Add decode_utf8
diff --git a/CHANGELOG.md b/CHANGELOG.md
index ae81d36..f14452a 100644
--- a/CHANGELOG.md
+++ b/CHANGELOG.md
@@ -3,6 +3,7 @@
* Update up Unicode 13.0.0
* Don't use non-standard ``__uint128``
* Add PyPy compatibility
+* Add ``decode_utf8(byte-like)``
### 1.4.7
diff --git a/src/_decoder.pyx b/src/_decoder.pyx
index ce2a9a6..cd3c668 100644
--- a/src/_decoder.pyx
+++ b/src/_decoder.pyx
@@ -769,15 +769,16 @@
cdef object _decode_all(ReaderRef reader, boolean some):
- cdef object ex
+ cdef object ex, ex2
try:
return _decode_all_sub(reader, some)
except _DecoderException as ex:
- raise (<_DecoderException> ex).cls(
+ ex2 = (<_DecoderException> ex).cls(
(<_DecoderException> ex).msg,
(<_DecoderException> ex).result,
(<_DecoderException> ex).extra,
)
+ raise ex2
cdef object _decode_ucs1(const void *string, Py_ssize_t length,
@@ -807,12 +808,27 @@
return _decode_all(reader, some)
+cdef object _decode_utf8(const void *string, Py_ssize_t length,
+ Py_ssize_t maxdepth, boolean some):
+ cdef ReaderUTF8 reader = ReaderUTF8(
+ ReaderUCS(length, 0, maxdepth),
+ <const Py_UCS1*> string,
+ )
+ return _decode_all(reader, some)
+
+
cdef object _decode_unicode(object data, Py_ssize_t maxdepth, boolean some):
cdef Py_ssize_t length
cdef int kind
+ cdef const char *s
PyUnicode_READY(data)
+ if CYTHON_COMPILING_IN_PYPY:
+ length = 0
+ s = PyUnicode_AsUTF8AndSize(data, &length)
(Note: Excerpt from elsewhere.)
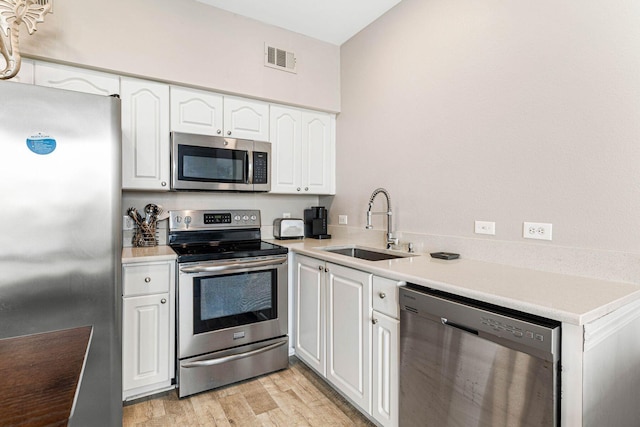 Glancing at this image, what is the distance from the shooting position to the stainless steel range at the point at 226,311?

+ return _decode_utf8(s, length, maxdepth, some)
+
length = PyUnicode_GET_LENGTH(data)
kind = PyUnicode_KIND(data)
@@ -831,7 +847,10 @@
cdef object (*decoder)(const void*, Py_ssize_t, Py_ssize_t, boolean)
cdef Py_ssize_t length = 0
- if wordlength == 1:
+ if wordlength == 0:
+ decoder = _decode_utf8
+ length = view.len // 1
+ elif wordlength == 1:
decoder = _decode_ucs1
length = view.len // 1
elif wordlength == 2:
diff --git a/src/_exports.pyx b/src/_exports.pyx
index e359fac..64500a0 100644
--- a/src/_exports.pyx
+++ b/src/_exports.pyx
@@ -62,7 +62,7 @@
.. code:: python
- decode_buffer(b'["Hello", "world!"]') == ['Hello', 'world!']
+ decode_latin1(b'["Hello", "world!"]') == ['Hello', 'world!']
Parameters
----------
@@ -88,6 +88,38 @@
return decode_buffer(data, maxdepth, bool(some), 1)
+def decode_utf8(object data, object maxdepth=None, object some=False):
+ '''
+ Decodes JSON5 serialized data from a ``bytes`` object.
+
+ .. code:: python
+
+ decode_utf8(b'["H\\xe2\\x82\\xacllo", "w\\xc3\\xb6rld!"]') == ['H€llo', 'wörld!']
+
+ Parameters
+ ----------
+ data : bytes
+ JSON5 serialized data, encoded as UTF-8 or ASCII.
+ maxdepth : Optional[int]
+ see `decode(...) <pyjson5.decode_>`_
+ some : bool
+ see `decode(...) <pyjson5.decode_>`_
+
+ Raises
+ ------
+ Json5DecoderException
+ An exception occured while decoding.
+ TypeError
+ An argument had a wrong type.
+
+ Returns
+ -------
+ object
+ see `decode(...) <pyjson5.decode_>`_
+ '''
+ return decode_buffer(data, maxdepth, bool(some), 0)
+
+
def decode_buffer(object obj, object maxdepth=None, object some=False,
object wordlength=None):
'''
@@ -111,7 +143,7 @@
some : bool
see `decode(...) <pyjson5.decode_>`_
wordlength : Optional[int]
- Must be 1, 2, 4 to denote UCS1, USC2 or USC4 data.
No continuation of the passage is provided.